At life’s crucial turning point of age 17, brilliant but cynical George (played by Freddie Highmore, who made a splash at 11 opposite Johnny Depp as J.M. Barrie’s adolescent muse who inspired Peter Pan in Finding Neverland) is a high-school senior who doesn’t believe in homework. In fact, George hasn’t cracked a book all year. Like most kids today who don’t know anything unless they read it on their laptops, George says, “6.8 billion people on the planet, and none of them will survive. Why should I spend my life figuring how the square root of a hypotenuse will alter my fate?” George has gotten through 12 years of school just by showing up, a loner with no friends who calls himself a “Teflon slacker.” If he doesn’t get into a decent college, how is he ever going to land a job or earn a living? George doesn’t care. A talented artist, he withdraws into his art books, listens to Leonard Cohen, reads Camus and dotes on Truffaut movies, avoiding confrontations with anything that sounds like real life.

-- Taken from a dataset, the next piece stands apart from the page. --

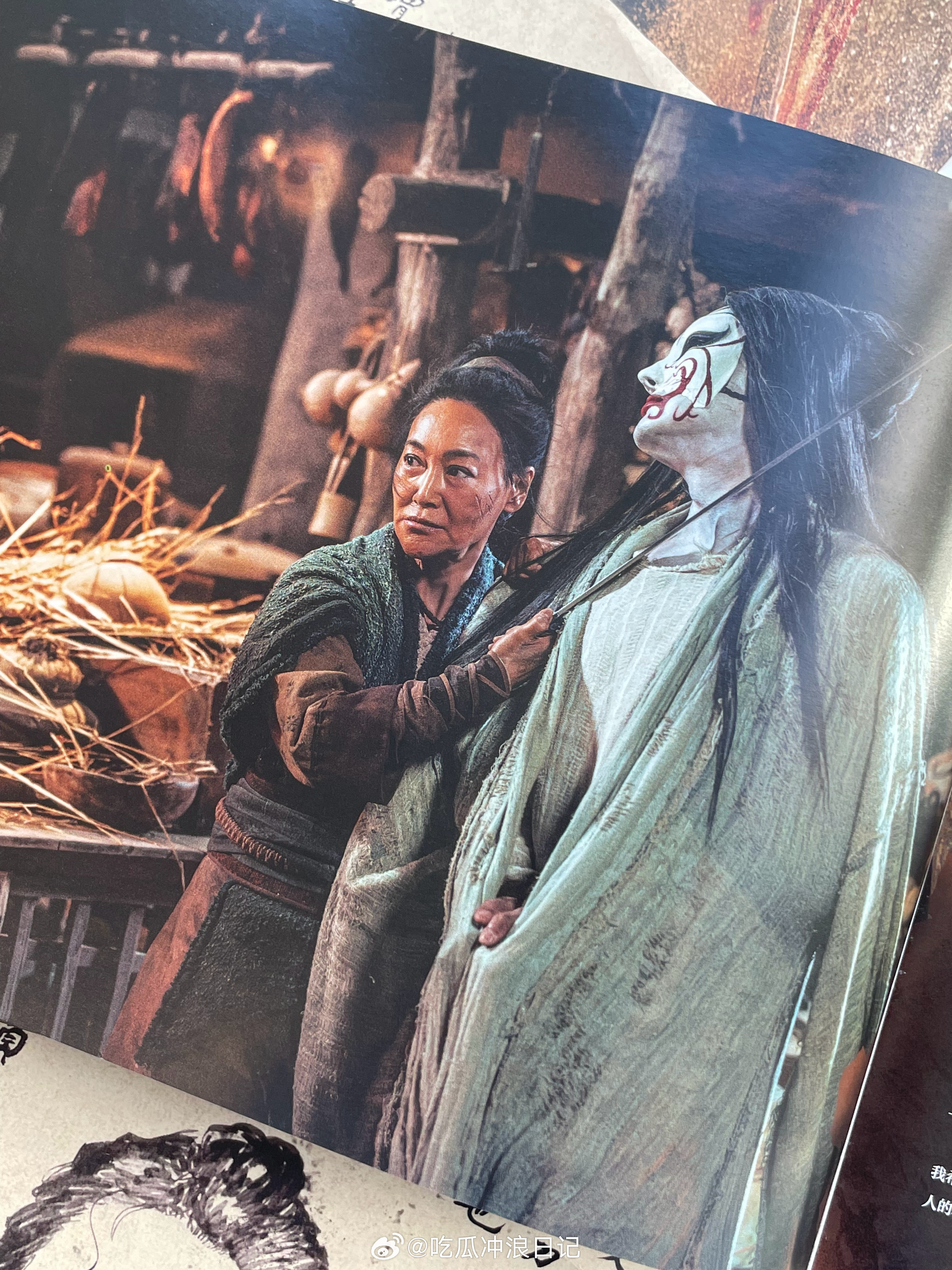 镖人 惠英红挟持戏份删减 看完镖人整个人是回味无穷，一直挖呀挖终于被我发现了一个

Until, that is, he meets “The Girl”—a popular, defiant misfit named Sally Howe (Emma Roberts, who starred in the disastrous Nancy Drew)—when he takes the rap after she’s caught smoking on the school roof. Sally introduces him to parties, kissing and breaking all the rules, even going so far as to aggressively offer to help him lose his virginity. In Sally, he finds a soulmate. These are affluent New York kids in private schools, filled with anxieties and prescription antidepressants like their parents, no strangers to Ritalin, Lexipro and Valium, living in fabulous apartments and brownstones and fraught with the daily rituals of domestic crisis. Sally has a twice-divorced mom prowling the singles dating-hell scene with a vengeance who treats her more like a roommate than a daughter. George’s security blanket suddenly lands in the rag bin when his perfect stepfather (the excellent Sam Robards) goes bankrupt and files for divorce, leaving his estranged mother, Vivian (Rita Wilson), a brittle businesswoman, with her credit cards maxed out and their apartment on the market. Meanwhile, George’s principal (Blair Underwood) offers him an ultimatum: either make up every test and homework assignment for the entire year or face expulsion before graduation. And he’s got only three weeks to do it. With all of his resourcefulness, and Sally’s help, George realizes at last that the art of getting by is no longer an option.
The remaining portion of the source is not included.